Voilà
tout juste un an, le 26 août 2013, Claudio Abbado, qui s’est éteint le 20
janvier 2014 (voir http://brunoserrou.blogspot.fr/2014/01/claudio-abbado-le-plus-grand-chef.html),
dirigeait son ultime concert public au Festival de Lucerne dont il était l’hôte
privilégié depuis qu’il avait refondé en 2003 l’Orchestre du Festival de Lucerne
fondé en 1938 par son compatriote Arturo Toscanini. Dans le grand Konzerthaus
de Lucerne archi-comble, DG avait été bien inspiré en plantant ses micros. Car
le document qui en résulte a la portée d’un témoignage de haute spiritualité
émanant d’un artiste hors du commun qui se savait condamné à plus ou moins brève
échéance, le long et sublime Adagio en
mi majeur sur lequel se termine l’œuvre publiée ici mais qui n’était pas censé conclure
la création de Bruckner, qui laissa son ultime symphonie inachevée, la camarde
trop pressée n’ayant pas donné le temps au compositeur autrichien d’aller jusqu’au
terme de son projet…
Claudio Abbado (1933-2014) applaudi par le public du Festival de Lucerne. Photo : DR
Ce
dernier programme concocté par Claudio Abbado pour le Festival de Lucerne 2013 donné
entre les 21 et 26 août comprenait deux symphonies inachevées d’autant de
maîtres autrichiens situés aux pôles de l’ère romantique, la Huitième (1822) de Franz Schubert (1797-1828)

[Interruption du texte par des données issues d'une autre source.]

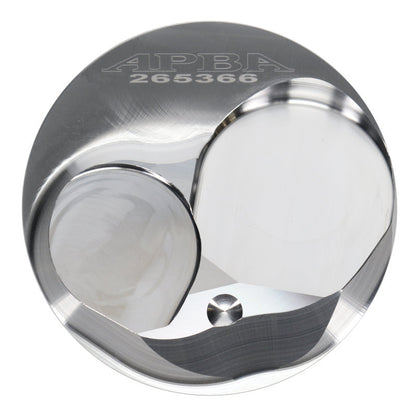 JE Pistons BBC APBA DOME Set of 8 Pistons 262809 262809 User 9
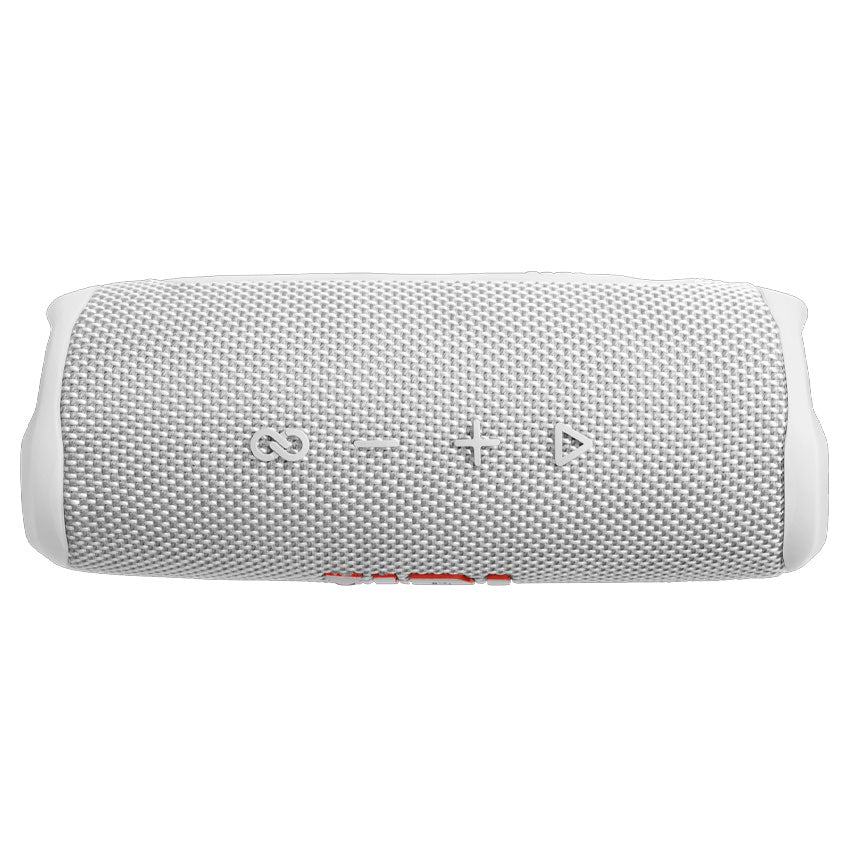 BOCINA BLUETOOTH JBL FLIP 6 BLANCO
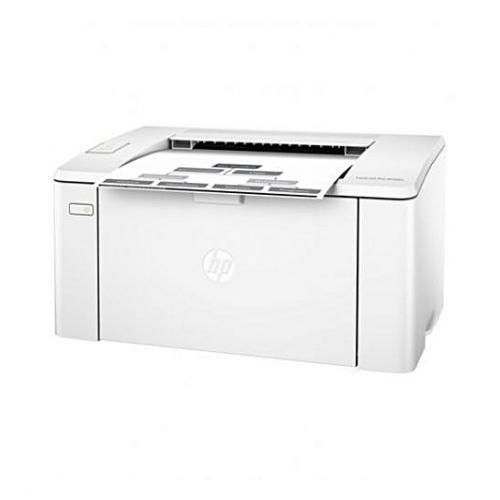 IMPRIMANTE HP Laserjet 107w / Wifi - Monochrome-1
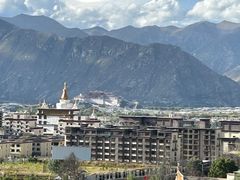 -松赞拉萨林卡酒店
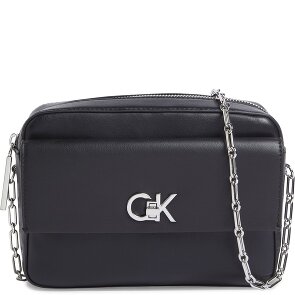 Calvin Klein Ck Re-Lock Schultertasche 22 cm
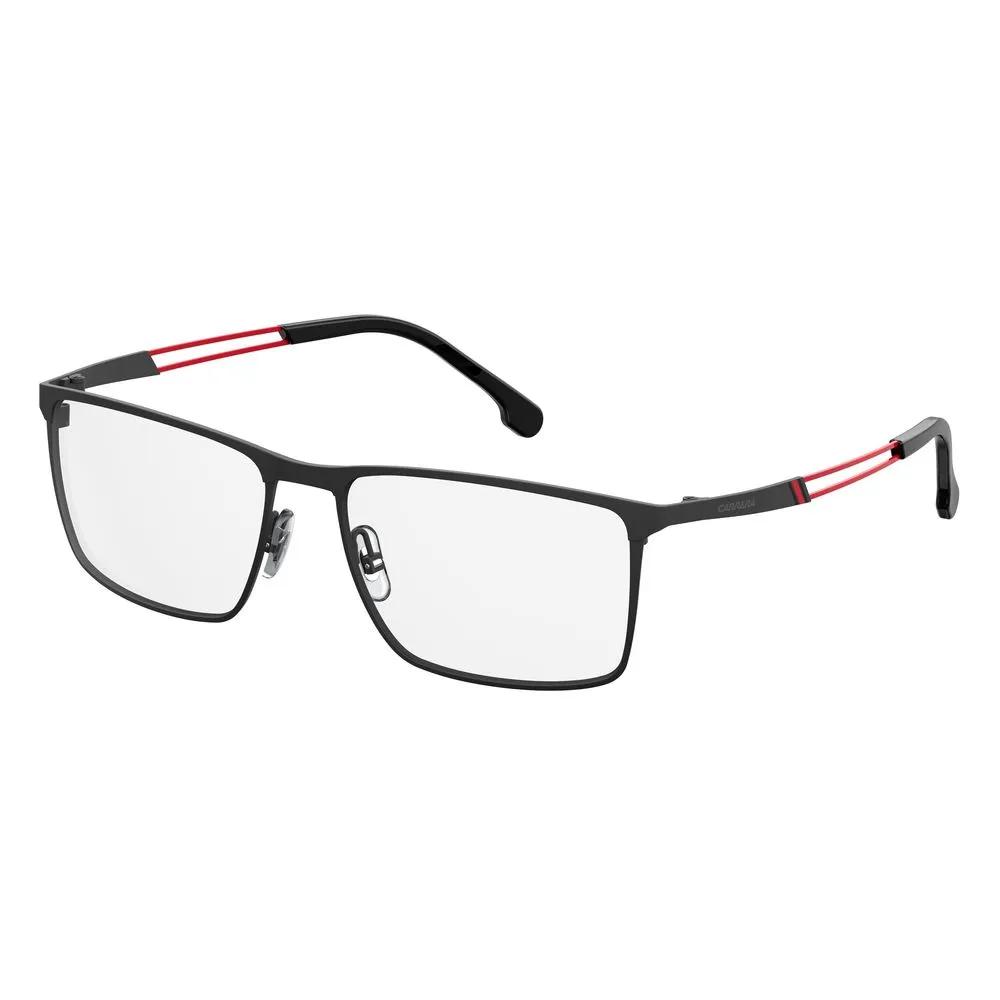 Carrera Men's Black Titanium Frames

et cette Neuvième (1887-1896) d’Anton
Bruckner (1824-1896). Ce disque présente la synthèse des prises réalisées par
DG au cours de cette série de concerts, du 21 au 26 août 2013, et rend incroyablement
compte du climat si particulier dans lequel elle s’est déroulée, marquant sans
doute à jamais ceux qui ont eu l’honneur d’y assister et qui ont très
longuement applaudi le chef à la fin de chaque exécution de ce programme. Cette
Symphonie n° 9 en ré mineur A. 124 d’Anton
Bruckner n’a rien à voir en effet avec l’atmosphère des autres concerts d’Abbado
à Lucerne, à l’exception de celui de sa Symphonie
n° 9 en ré majeur de Gustav Mahler (CD DG), et moins encore avec ses précédents
enregistrements Bruckner à Vienne. Là où il s’était montré impétueux, voire un
rien emphatique à la tête du Philharmonique de Vienne en 1996 (CD DG), le chef
italien s’avère cette fois infiniment plus engagé et beaucoup plus souple, le discours
se faisant infiniment élastique, ce qui offre à l’œuvre entière tout l’espace
qui lui est nécessaire grâce à des tempos exceptionnellement lents qui
sollicitent de façon inouïe la virtuosité des musiciens de l’Orchestre du
Festival de Lucerne, Abbado célébrant avec une profondeur hallucinante les célestes
beautés des thèmes et de l’écriture cuivrée et brûlante (bois et cordes somptueux)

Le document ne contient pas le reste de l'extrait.